*WHAT IS EXPECTED*:
Please return each of the entries exactly, minus their pictures.

Brief descriptive captions
↓↓↓

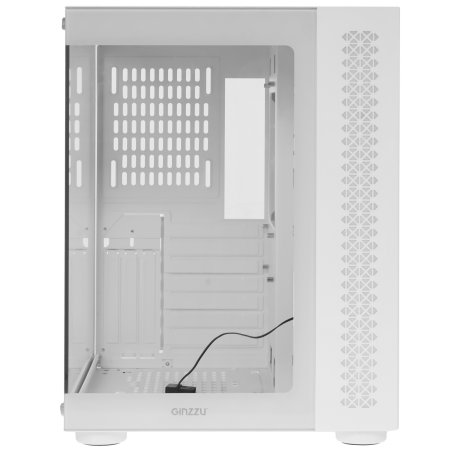 Компьютерный корпус Ginzzu V580 RGb подсветка, закаленное стекло 1*USB 3.0,1*USB 2.0, AU белый ATX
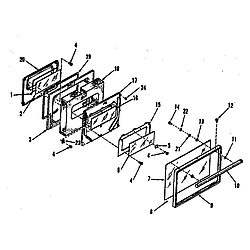 9114698812 Electric Range Oven door section Parts diagram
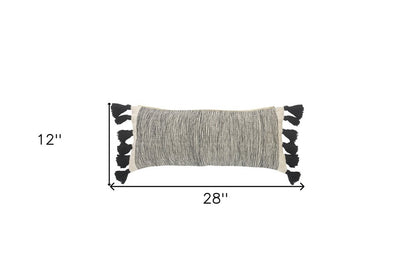 12" X 28" Gray Ivory And Black Cotton Wavy Stripe Throw Pillow with Fringe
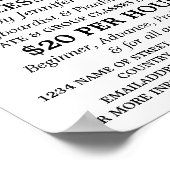 Klassieke piano, toetsenbord, pianolessen poster (Hoek)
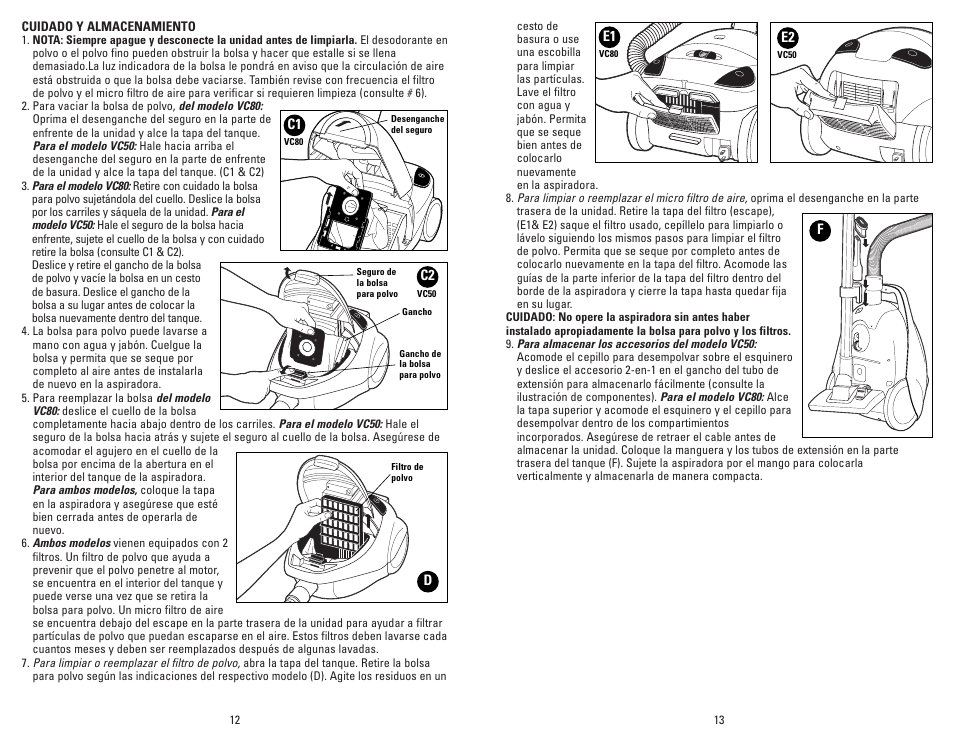 Applica VC50 User Manual | Page 7 / 8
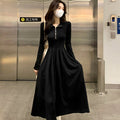Schwarzes Langarm-Kleid im Retro-Stil – Bild 7 | LuxeStyle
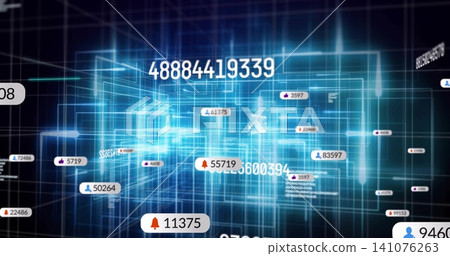 Displaying glowing cyan wireframe tunnel with large numeric 48884419339 in cyberspace, with badges Displaying glowing cyan wireframe tunnel with large numeric 48884419339 in cyberspace, with badges 141076263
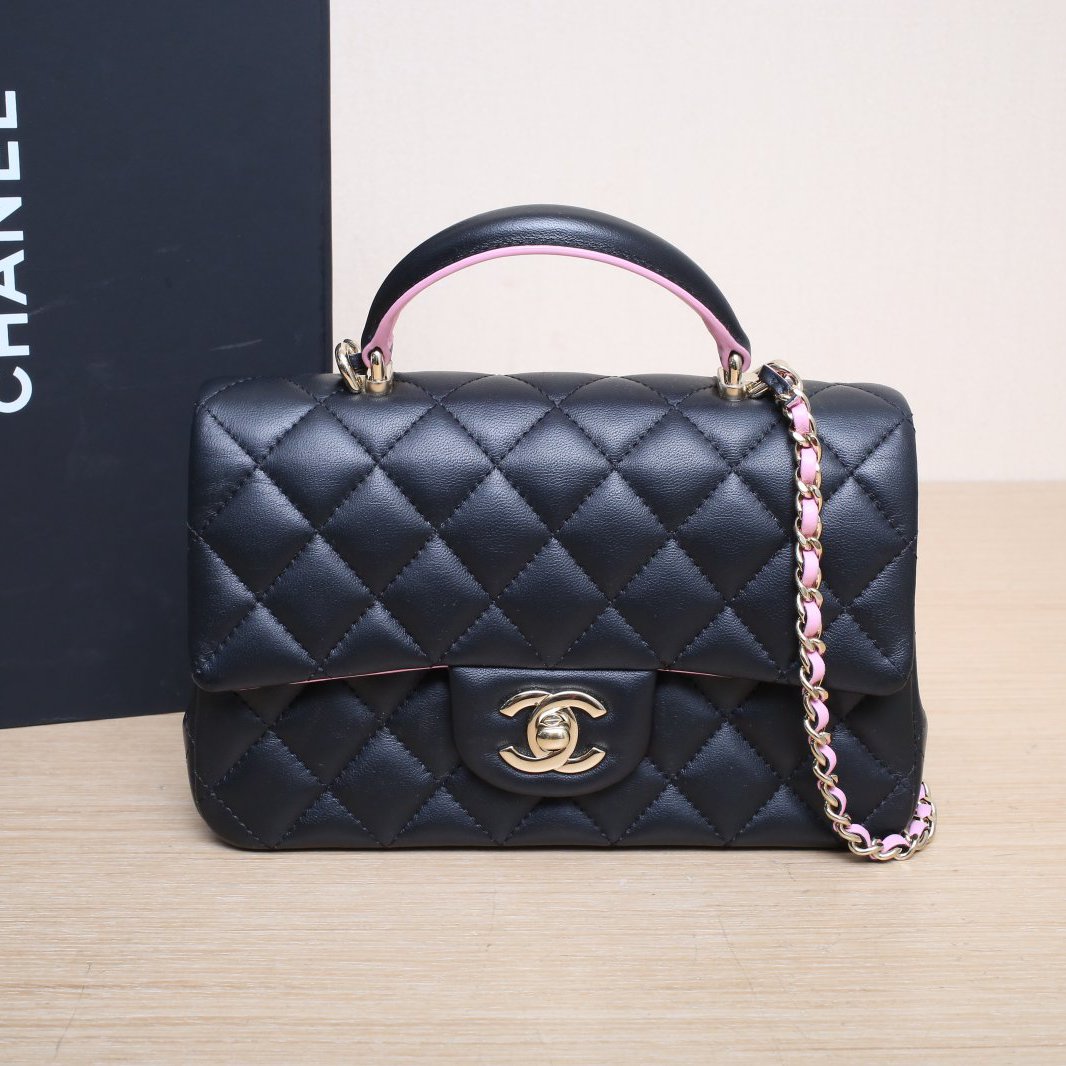 95新 Chanel/香奈儿 花花23P CF 手提口盖包 大Mini 芯片开 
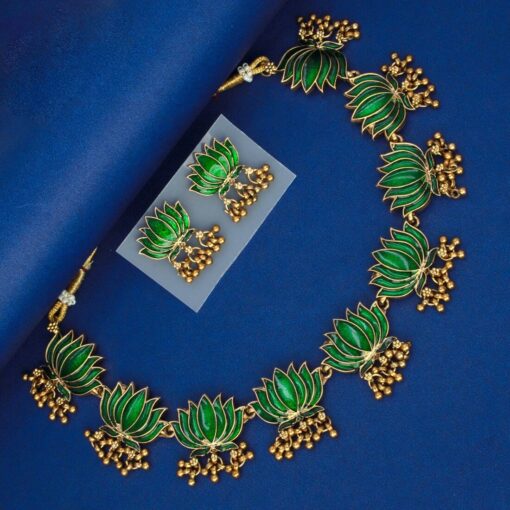 Style Club Blooming Matte Gold Plated Lotus Ghunghroo Necklace Set - Image 2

↑↑↑

*YOUR SOLUTION*:
 Компьютерный корпус Ginzzu V580 RGb подсветка, закаленное стекло 1*USB 3.0,1*USB 2.0, AU белый ATX
 9114698812 Electric Range Oven door section Parts diagram
 12" X 28" Gray Ivory And Black Cotton Wavy Stripe Throw Pillow with Fringe
 Klassieke piano, toetsenbord, pianolessen poster (Hoek)
 Applica VC50 User Manual | Page 7 / 8
Schwarzes Langarm-Kleid im Retro-Stil – Bild 7 | LuxeStyle
 Displaying glowing cyan wireframe tunnel with large numeric 48884419339 in cyberspace, with badges Displaying glowing cyan wireframe tunnel with large numeric 48884419339 in cyberspace, with badges 141076263
 95新 Chanel/香奈儿 花花23P CF 手提口盖包 大Mini 芯片开 
 Style Club Blooming Matte Gold Plated Lotus Ghunghroo Necklace Set - Image 2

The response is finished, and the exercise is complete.